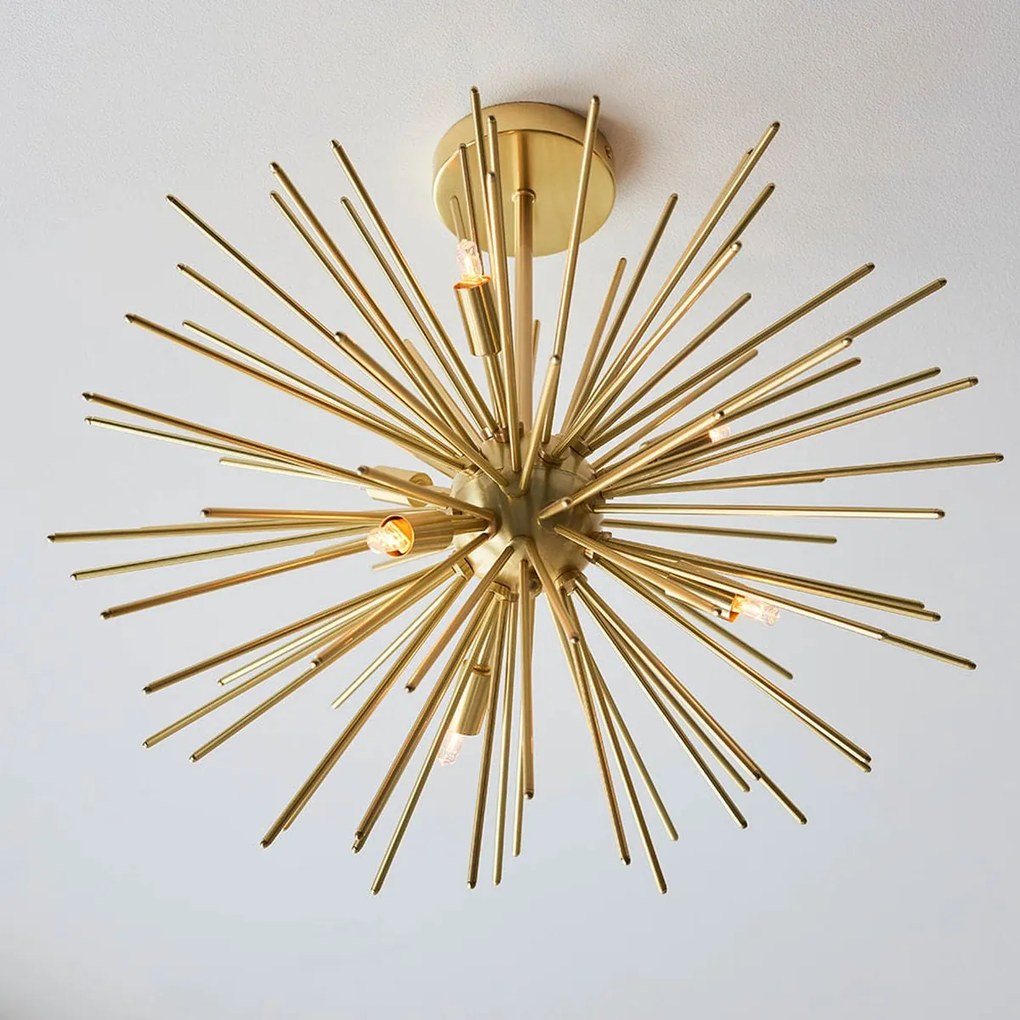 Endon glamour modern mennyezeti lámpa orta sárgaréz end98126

+++

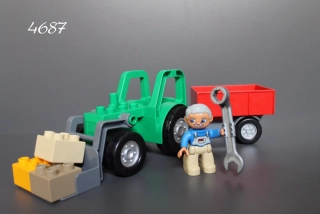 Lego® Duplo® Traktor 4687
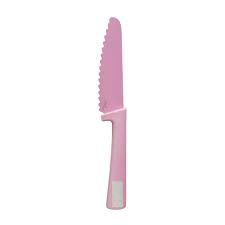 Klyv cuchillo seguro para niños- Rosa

+++

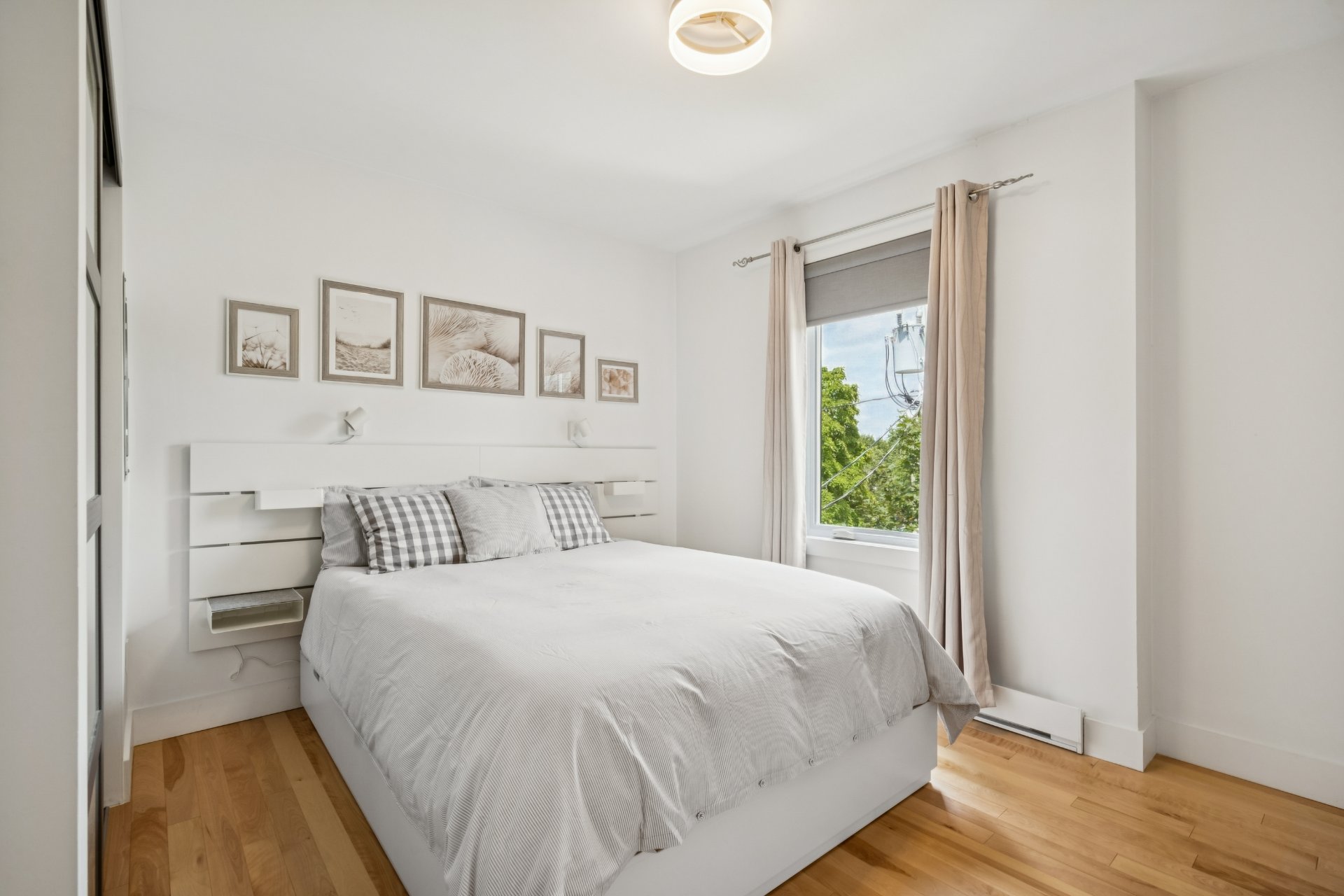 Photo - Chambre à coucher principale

+++

### What this task involves
Exactly the lines above from the one that contains "Lego® Duplo® Traktor 4687" down to the one that contains "Klyv cuchillo seguro para niños- Rosa" are to be output, both ends kept and pictures omitted.

### Reply
 Lego® Duplo® Traktor 4687
 Klyv cuchillo seguro para niños- Rosa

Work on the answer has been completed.